Due in class on Friday, May 2.
- Describe a situation where it would be desirable to have a
classifier on the "left" end of an ROC curve, i.e. where both true
positives and false positives are low.
- Suppose that you have a dataset with points in one of two
classes. Class A contains 10 points, and class B contains 1000 points.
Suppose class A is our class of interest, on which we focus our
precision and recall measurements.
(a) Describe a simple classifier that yields a recall of 100%, but has
terrible precision. Estimate what the precision will be for this
classifier.
(b) Describe a simple classifier that yields a precision of 100%, but
has terrible recall. Estimate what the recall will be for this
classifier.
- Describe how you can modify the k-Nearest Neighbor algorithm, by
adding an additional parameter, that would allow you to plot an ROC
curve. (Hint: varying k isn't it). Draw a sample ROC curve, and point
out what part of the curve corresponds to small values for your
parameter, and what part corresponds to large values for your parameter.
- Explain the difference between a database query and a data mining
query.
- For point P = (8,2,5) and MBRs R1(S,T) where S1 = [12,3,1] and T1
= [15,4,2] and R2(S2,T2) where S2 = [1,2,4] and T2 = [7,15,10],
determine MINDIST(P,R1) , MINDIST(P,R2), MINMAXDIST(P,R1), and
MINMAXDIST(P,R2).
- (a) Provide an example where the MINDIST heuristic is better than
the MINMAXDIST heuristic.
(b) Provide an example where the MINMAXDIST heuristic is better than
the MINDIST heuristic.
- In the RainForest paper, Gehrke et. al. say that RF-Read is not
efficient for algorithms that do bottom-up pruning, unless the families
at the pure leaf nodes are large. Why does the size of the families at
the leaf nodes impact whether or not RF-Read is worth considering
relative to RF-Write? Likewise, the paper also says that RF-Read might
be a viable solution for algorithms that prune the tree top-down. Why
does the direction of splitting affect the viability of RF-Read
relative to RF-Write?
- Estimating the size of a node's AVC-group to be the same as its
parent can be overkill. Describe an example.
- Suppose that you have reserved enough memory to store 1000 tuples
from a dataset on disk that actually contains 5000 tuples and three
features. Assume that every AVC-group for this dataset is of the same
size. Assume that you have reserved separately a sufficiently large
amount of memory to store two AVC-groups simultaneously, but not enough
to store three.

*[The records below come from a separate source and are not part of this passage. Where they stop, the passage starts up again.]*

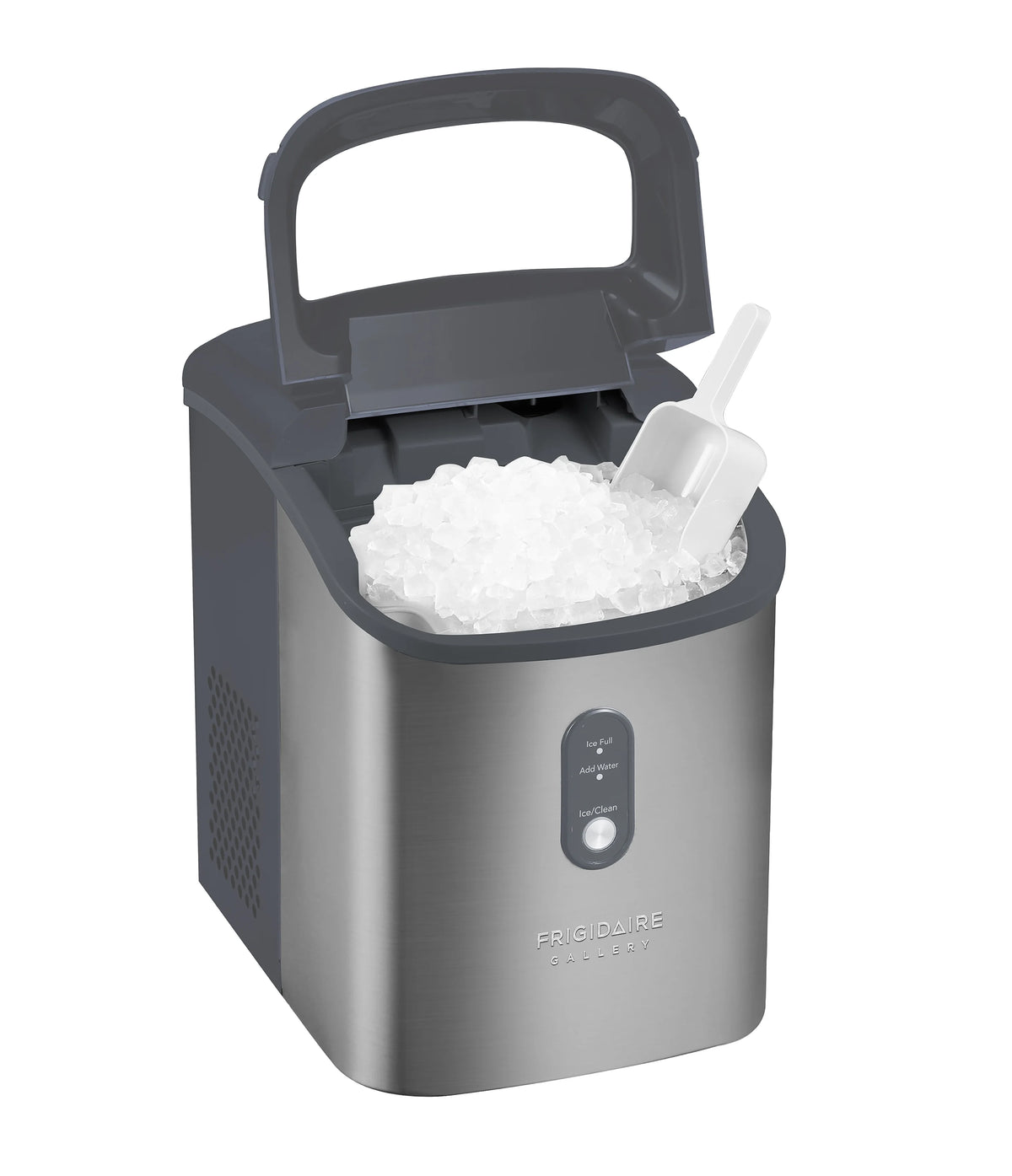Frigidaire Gallery, 33 lbs. Nugget Ice Maker, Stainless Steel, Black, EFIC214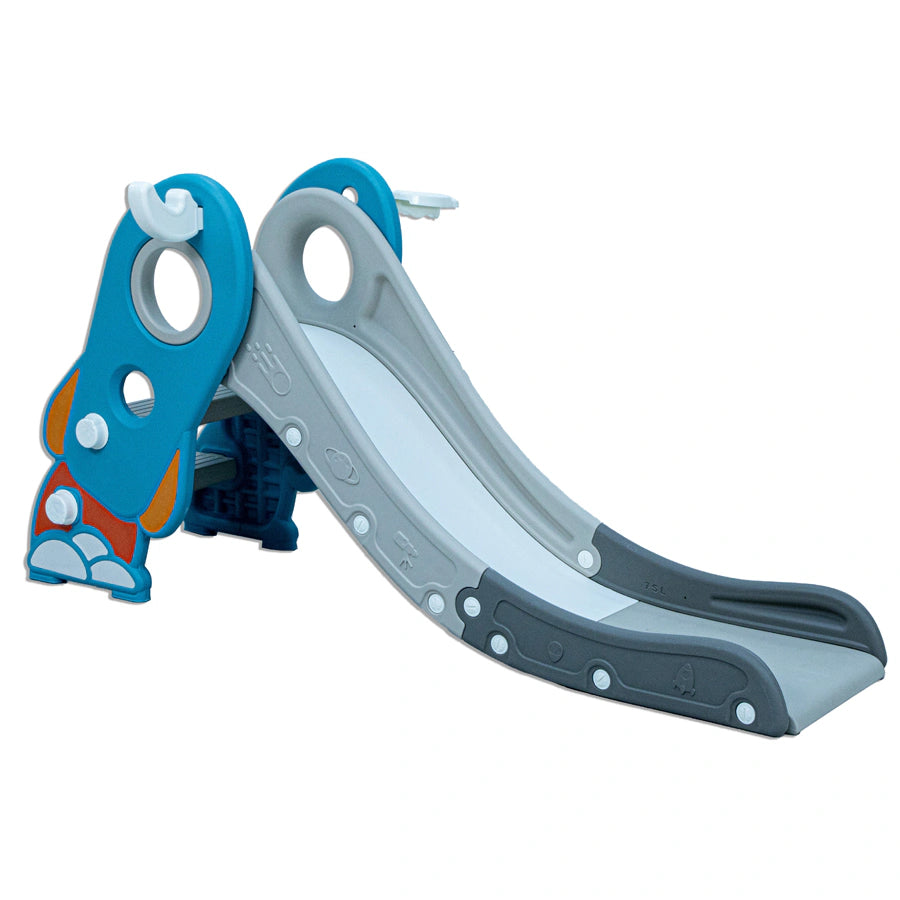 زحليقة صغيرة الحجم مع طوق كرة سلة للأطفال الصغار (أخضر-رمادي) زحليقة صغيرة الحجم مع طوق كرة سلة للأطفال الصغار (أخضر-رمادي)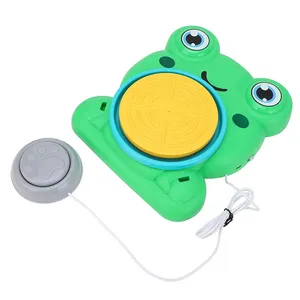 ست شن بازی مدل سفالگری پدالی طرح قورباغه کد Xj560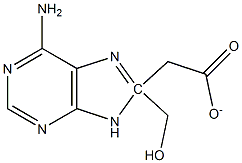 1H-Purine-8-methanol, 6-amino-, acetate (ester),53130-86-2,结构式
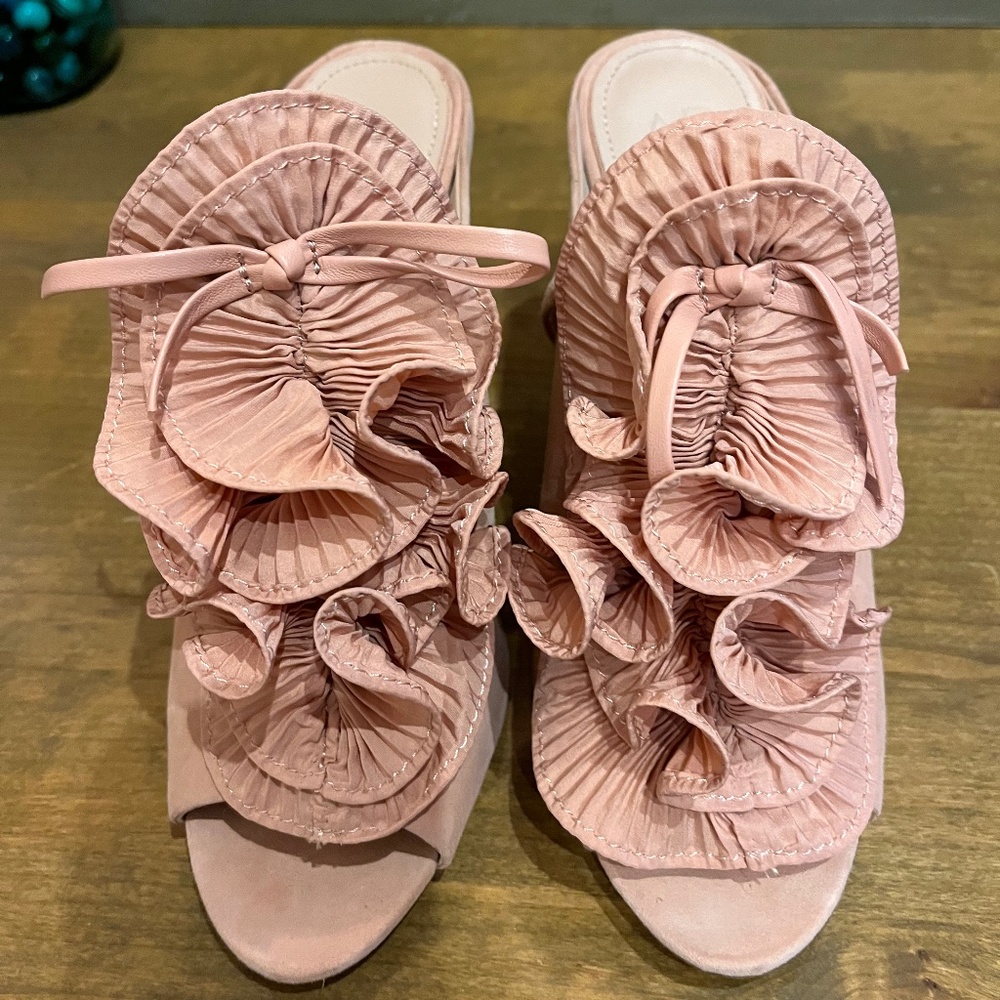 A.D & Daughters Blush Suede Heel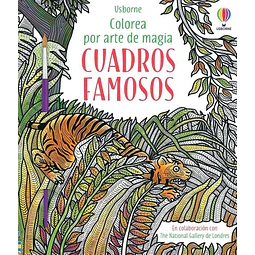 Cuadros famosos colorea por arte de magia con pincel
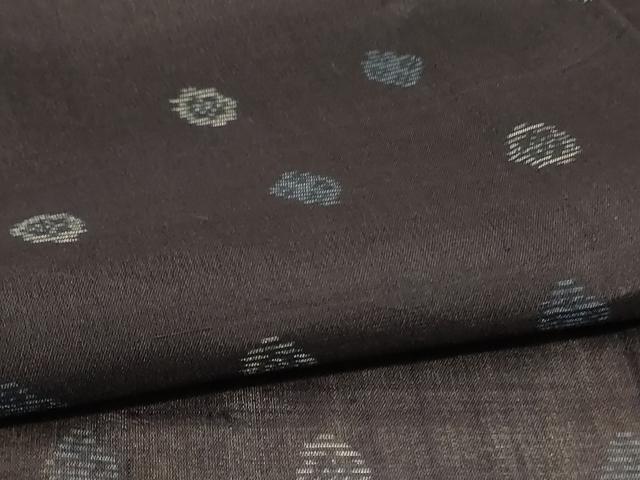 平和屋着物*夏物 本場大島紬 夏大島 吉祥文 正絹 逸品 AABB6783jd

Assume that every feature in the dataset contains
precisely two values, and that each optimal split separates the data
into two equally sized pieces (or differ by one if the number of tuples
is odd). Give a worst case estimate of how many tuple reads from disk
and tuple writes to disk are necessary for each of the algorithms
RF-Read, RF-Write, and RF-Hybrid-Simple.
- The techniques for agglomerative clustering that Dunham describes
in your textbook are different from that the one we covered in class,
in that Dunham's algorithms use a threshold. Read section 5.4.1, and
discuss how how the threshold differs from our approach. Specifically,
give an example of a dataset and a threshold where Dunham's approach
would differ from ours, assuming that both algorithms use the same
measurements for distances between points and clusters.